Friday, May 30, 2003

Ashcroft - US corporations should be above the law


The current suit cites one of America’s oldest laws, the Alien Tort Claims Act (ATCA). Passed by the first Congress in 1789, it holds that foreign citizens can bring suits in the United States for abuses "committed in violation of the law of nations or a treaty of the United States." The law was designed to prevent the U.S. from becoming a safe haven for pirates.

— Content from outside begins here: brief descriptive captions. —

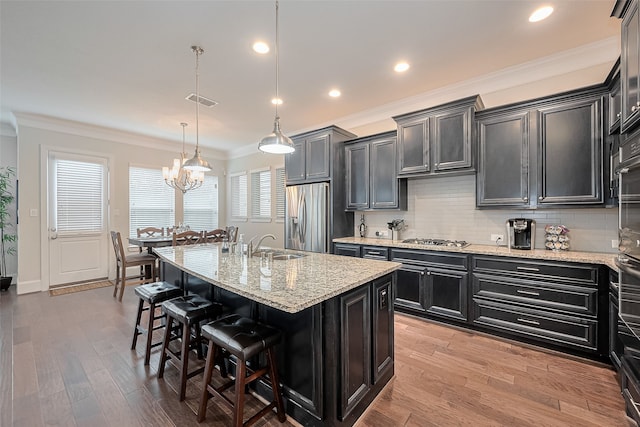 8820 Ashbloom Ln, Houston, TX 77080 - kitchen with stainless steel appliances, light wood-type flooring, ornamental molding, dark cabinets, and tasteful backsplash
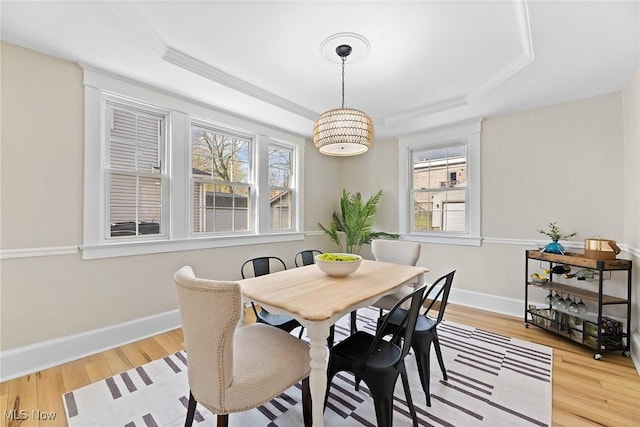 dining area with plenty of natural light, light wood finished floors, a tray ceiling, and baseboards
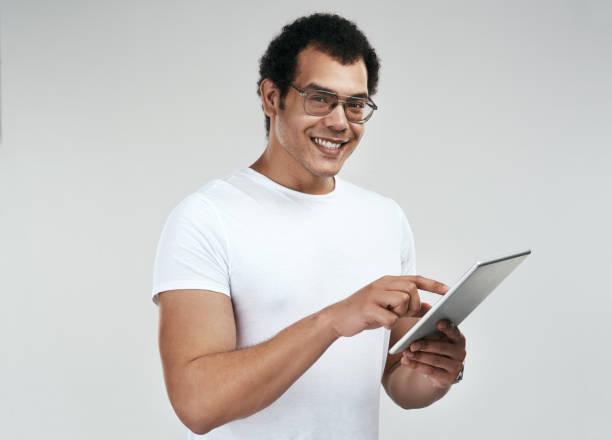 istock Shot of a man using a digital tablet while standing against a grey background 1325290174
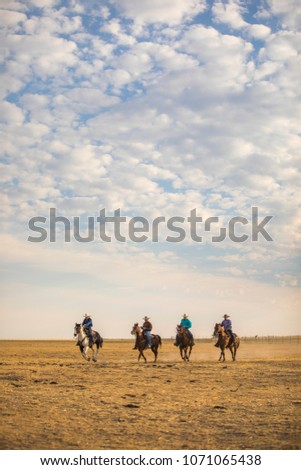 Cowboys riding the open range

Which brings us to Ashcroft. In his brief, he argued that ATCA should not be used in civil cases, and that the "law of nations" outlined in the act should not be interpreted to include human-rights treaties. Ashcroft didn’t file a brief specifically in defense of Unocal; he filed a brief against the very idea that foreigners should be allowed to apply to U.S. courts for redress when international laws are violated. Moreover, he wrote, such litigation "bears serious implications for our current war against terrorism, and permits [ATCA] claims to be easily asserted against our allies in that war."

So a kid from a Buffalo ghetto travels to Afghanistan, visits a terrorist training camp and comes home. Before he commits any crime, he goes to jail for 10 years. Even the government admits there was no overt violent crime here: "Material assistance to a foreign terrorist organization" was stretched to include the purchase of a uniform at the camp. But if an American company goes overseas and for six years invests millions of dollars and uses slave labor and torture to build some miserable gas pipeline–committing not one crime, but many hideous violent crimes, at a systemic level–it shouldn’t even be sued, according to our attorney general.

Just this week, a seventh Lackawanna suspect, Jaber Elbaneh, was indicted by the Justice Department. He’s overseas somewhere. There would have been an eighth named Kamal Derwish, but he was killed last year in a CIA missile attack in Yemen. In Iraq and everywhere else, the whole world has been informed that it is subject to U.S. law. With a few exceptions.

No one has ever argued that US corporations are not bound by US law when operating overseas - until Ashcroft.